A limited liability company (“Company”) applied for an individual tax ruling concerning its corporate income tax (CIT) liabilities. The Company stated that it would become a partner in a joint-stock limited partnership that will be merged into the Company. Before the merger the joint-stock limited partnership would be transformed into a limited liability company. In view of the fact that on the date of the merger the Company would hold 100% of shares in a share capital of the limited liability company, the merger would be conducted without increasing the share capital of the Company. Further to the planned restructuring, the Company inquired whether, in a situation in which the said restructuring is not conducted for economic reasons, the Company would generate income from participation in the profits of legal persons. The Company expected confirmation that if it was found that the merger was not conducted for justified economic reasons, the Company would generate income from participation in the profits of legal persons as referred to in Article 10 Section 1 of the CIT Act and, in consequence, the said income could be subject to the income tax exemption based on the principles as provided for Article 22 Sections 4-4b of the CIT Act.
Both the Head of the Tax Chamber and the Provincial Administrative Court ruled that the generated income upon merger should not be deemed to be income under Article 10 Section 1 of the CIT Act, but the income should be subject to taxation pursuant to general tax principles.
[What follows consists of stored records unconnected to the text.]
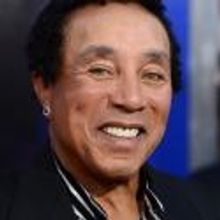 BWW Reviews: Motown and So Much More! Smokey Robinson Got UP CLOSE AND PERSONAL at Th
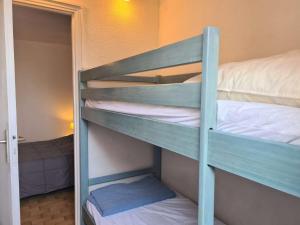 een paar stapelbedden in een kamer bij Appartement Cap d'Agde, 1 pièce, 4 personnes - FR-1-249-20 in Cap d'Agde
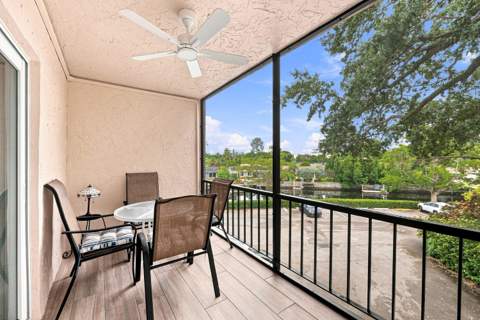 610 TENNIS CLUB Drive #305, Fort Lauderdale FL - photo 12 of 40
Due to the fact that the income would be related to the acquisition of a company, it cannot be treated as payment referred under Article 22 Section 1 of the CIT Act. By the same token, the exemption under Article 22 Section 4 of the CIT Act would not apply. Consequently, the income of a parent company in relation to the takeover of the assets of a limited liability company would not be subject to a CIT exemption on the principles specified in Article 22 Sections 4-4b of the CIT Act.
Thus far, the problem of economic justifiability of a merger has not been the object of too many court rulings. In practice, the stance favoured to date in respect of upstream mergers was that, if a surviving company being a shareholder in a target company for a minimum period of 2 years, the possible income which could be generated in connection with the merger should be subject to tax exemption as provided for in Article 22 Sections 4-4b of the CIT Act. The stance confirmed by the commented court ruling indicates that there is a risk that the tax authorities may in future question the above approach. If a merger is considered, it is highly advisable to carry out a detailed analysis, including its evidenced economic justification, in order to eliminate this negative interpretation.